Barbed wire disfigures Jesus’ forehead, the draining flow of blood blinding his tired eyes. Long wooden nails, pierced through his undernourished palms, stretch out his thin arms, while thick lines of rope bind his wrists to the heavy timber cross.
“Koob loomus candor.”
Swirling, loosing consciousness, dipping head, a tough tug on his purple foot drags our saviour back into painful reality.
“Trick or treat mister.”
Two children, dressed in mock Burberry and carrying sacks browned with melting chocolate, stand at the foot of the cross, below their forgiver.
“Hey mister, you fookin’ deaf or summat? I fookin said give us some god damn sweets.”
“Blatta annulus”
The Son of God weeps for his people and continues to cry out hysterically. A Roman soldier who had watched the situation unfold from the camp speaks up, outraged.
“Hey Jesus, don’t be dick. Give the kids some candy. It’s Halloween for fuck sake.”
Our Saviour views the faces in the gathered crowd, looking for something familiar among the throng, a spark of remembrance of a better moment. And as if it were written to be so, Mary Magdalene moves forward from behind a rambling couple and removes the shroud from her face. She has grown strained, lines deep, watching her lover die slowly.
“You fookin’ cunt, can’t you spare us a Mars bar? Do you want me to drive my fist into you? You stupid prick.”
The two costumed revellers rummage and swear, grinning maniacally, as they both produce eggs from their sacks.
“You asked for it, you stinkin’ flange.”
Jesus turns his eyes to the pouring heavens and releases baritone grief.
“Domus peribus.”
And the Son of God relents, he who gave his all to save his children, released his grasp on dignity, letting it slip away with life into black and death as sticky egg yoke mixes with his blood. Vultures swarm and cackle dressed as Draculas, Wolfmen and other popular Universal monsters to suit the season in it.
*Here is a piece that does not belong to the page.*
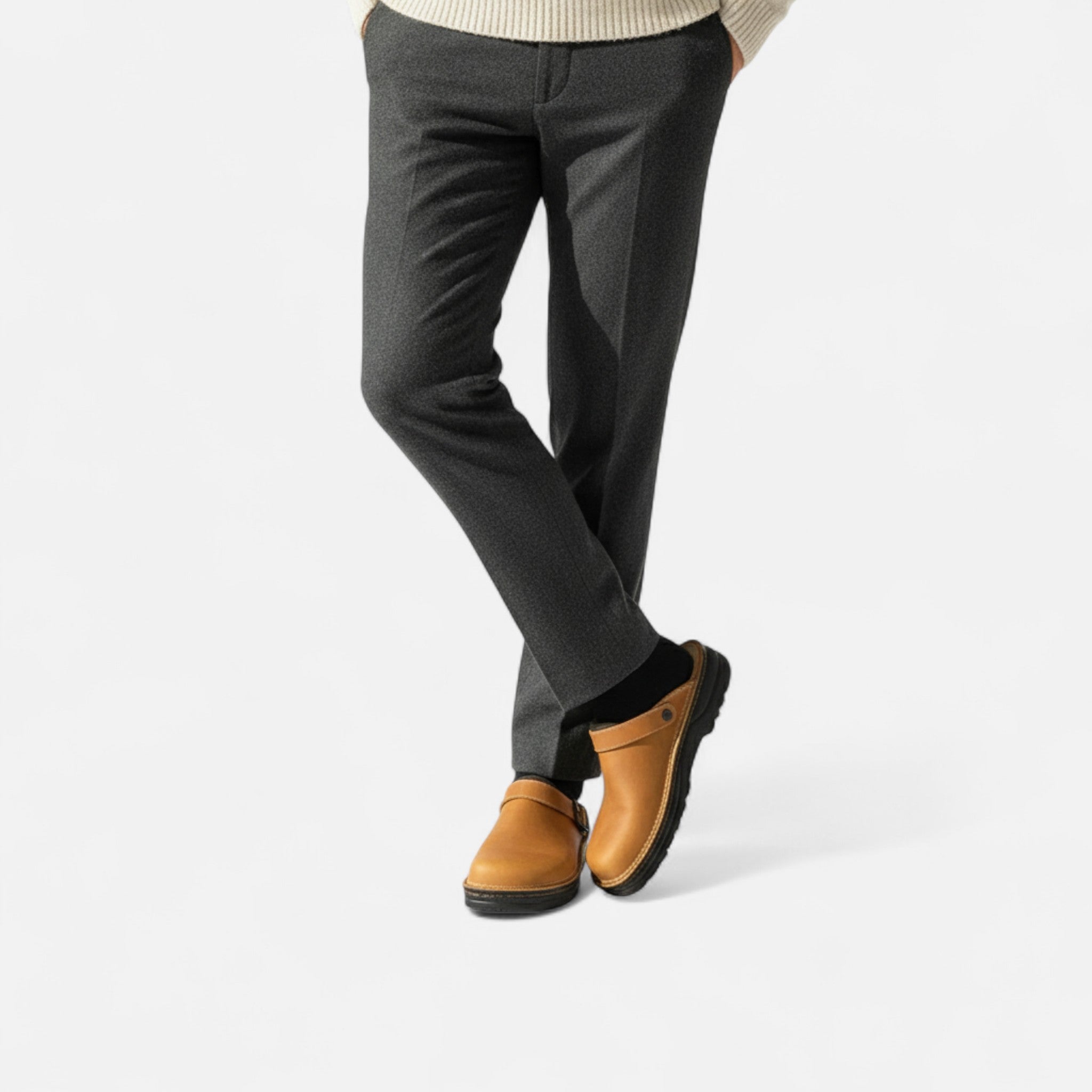 Maison Dresson | Men’s Suede Slippers – Square Toe Wedge Heel Design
  1. There is a new haunted realm... check it out.

    Over there -------->

  2. Fuck you Rob. You can't take the lord's name in vain like this. God is going to uppercut you to the fucking sky.

  3. Well, Ithought it was quite funny.

  4. These sound like common or garden chavs, persecuting our holiest one.

    Best not bother iwth the treat, cos they'd only trick you anyway

  5. Yep, chavs are a curse that can be found throughout time in every hobbie hole and at every socially and historically defining event.
    In some form or another...

  6. Egg and blood covered Jesuses... Just in time for Christmas if we freeze right away.